Netflix’s Polynote is a New Open Source Framework to Build Better Data Science Notebooks
The new notebook environment provides substantial improvements to streamline experimentation in machine learning workflows.
I recently started a new newsletter focus on AI education. TheSequence is a no-BS( meaning no hype, no news etc) AI-focused newsletter that takes 5 minutes to read. The goal is to keep you up to date with machine learning projects, research papers and concepts. Please give it a try by subscribing below:
Notebooks are the data scientist best friend and can also be a nightmare to work with. For someone accustomed to work with modern integrated develop environments(IDEs), working with notebooks feels like going back decades. Furthermore, modern notebook environments is mostly constrained to Python programs and lack first-class support for other programming languages. A few days ago, Netflix open sourced Polynote, a new notebook environment that addresses some of those challenges.
Polynote was born out of the necessity to accelerate data science experimentation at Netflix. Over the years, Netflix has built a world-class machine learning platform mostly based on JVM languages like Scala. The support for those languages in mainstream notebook technologies such as Jupyter is fundamentally basic so they needed a better solutions. Polynote was initiated by that basic requirement but incorporated the lessons learned building one of the most ambitious notebook-based experimentation platforms in the data science world.
Inside Netflix’ Notebook Drive Architecture
Over the last few years, Netflix has transformed its use of data science notebooks from an experimentation artifact to a key component of the lifecycle of machine learning solutions. Initially, Netflix adopted Jupyter Notebooks like a data exploration and analysis tools.

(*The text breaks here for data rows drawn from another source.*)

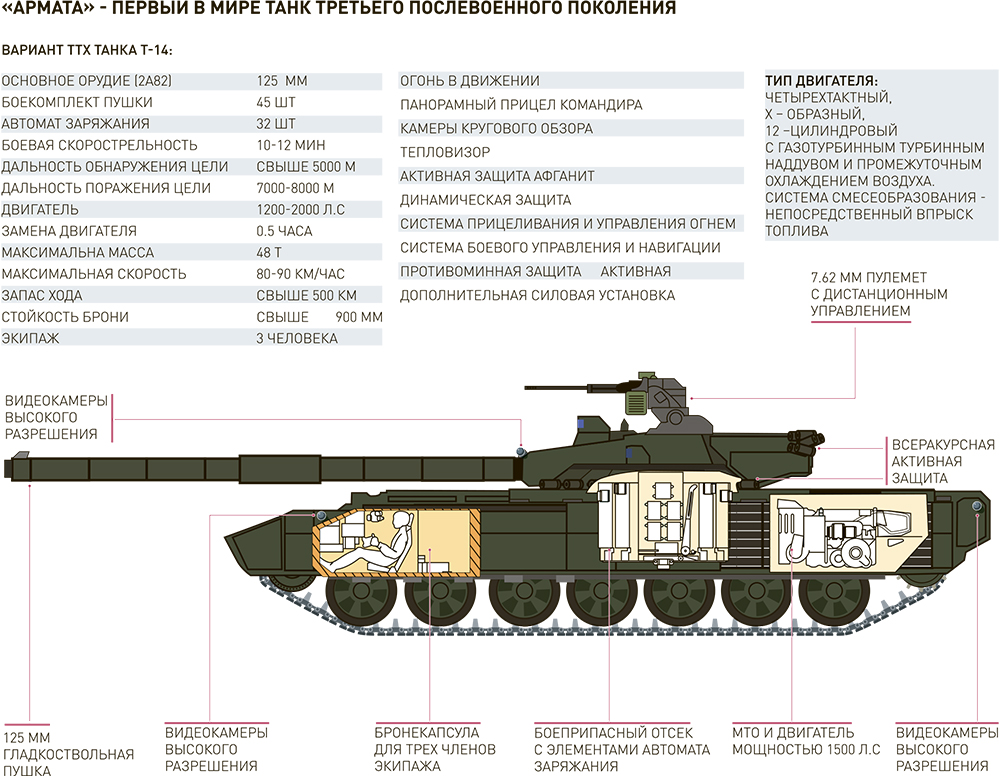 armata_infograf.jpg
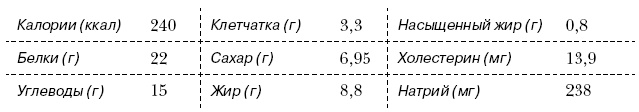 Омни диета Омни диета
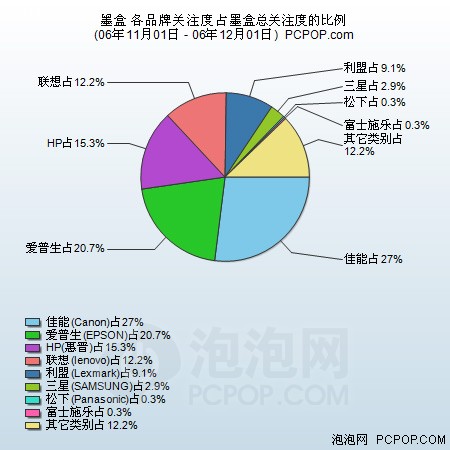 06年11月办公OA市场 耗材关注度分析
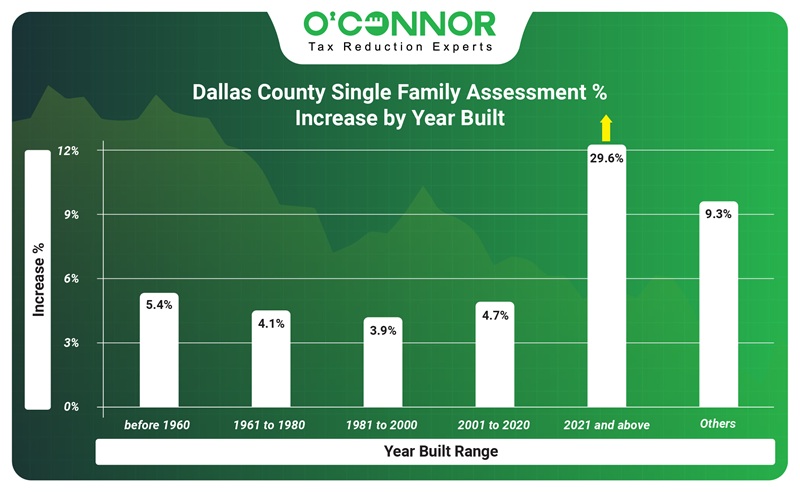 Dallas county single family assessment % increase year built
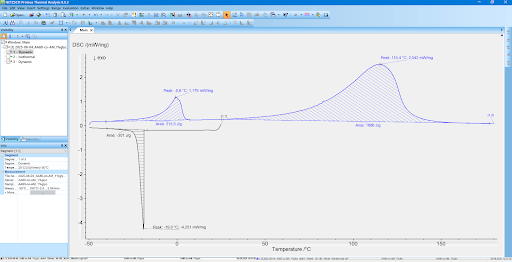 Пример результатов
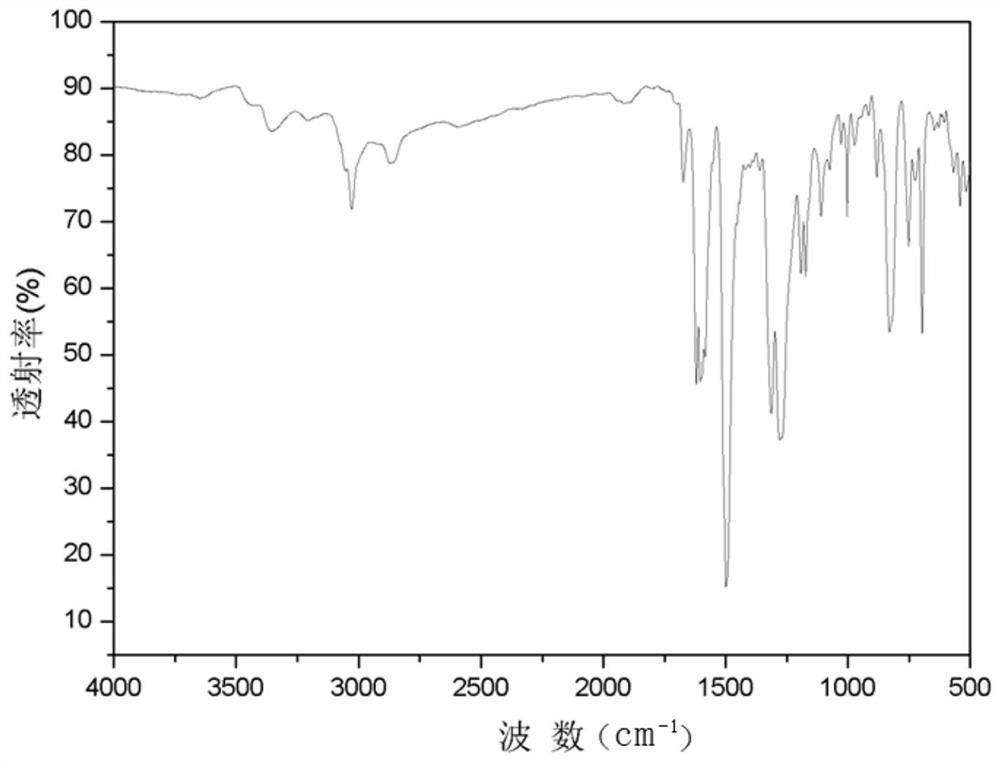 Conjugated polymer containing triphenylamine structure and tetraphenylethylene unit and its preparation method and application in electrochromic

However, the engineering team quickly realized that Jupyter offered tangible advantages in terms of runtime abstraction, extensibility, interpretability of the code and debugging that could have a major impact in data science workloads if used correctly. In order to expand the use of Jupyter as a data science runtime, the Netflix team needed to solve a few major challenges:
- The Code-Output Mismatch: Notebooks are frequently changed and, many times, the output you are seeing in the environment does not correspond to the current code.
- The Server Requirement: Notebooks typically require a Notebook server runtime to run which represents an architecture challenge when adopted at scale.
- Scheduling: Most data science models need to be executed on a periodic basics but the tools for scheduling Notebooks are still fairly limited.
- Parametrizing: Notebooks are fairly static code-environments and the processes for passing input parameters are far from trivial.
- Integration Testing: Notebooks are isolated code- environments which notoriously difficult to integrate with other Notebooks. As a result, tasks like integration testing become a nightmare when using Notebooks.
To address those requirements, Netflix built a very ambitious architecture that enable the operationalization of Jupyter notebooks. The initial implementation included technologies such as Papermill which enables the parametrization of notebooks.
While the initial notebook architecture at Netflix was certainly ambitious, it was also constrained Python programs. Now it was time to expand.
Polynote is a multi-language notebook experimentation environment. In addition to Python, the current release supports languages such as SQL, Vega(visualizations) and, of course, Scala. The platform is also integrated with data science infrastructures such as Apache Spark. At its core, Polynote includes the following capabilities:
a) Improved Editing Experience: Polynote tries to enable an editing experience closer to modern IDEs.
b) Multi-Language Support: Polynote introduces first-class support for Scala and other languages used in data science environmenhts.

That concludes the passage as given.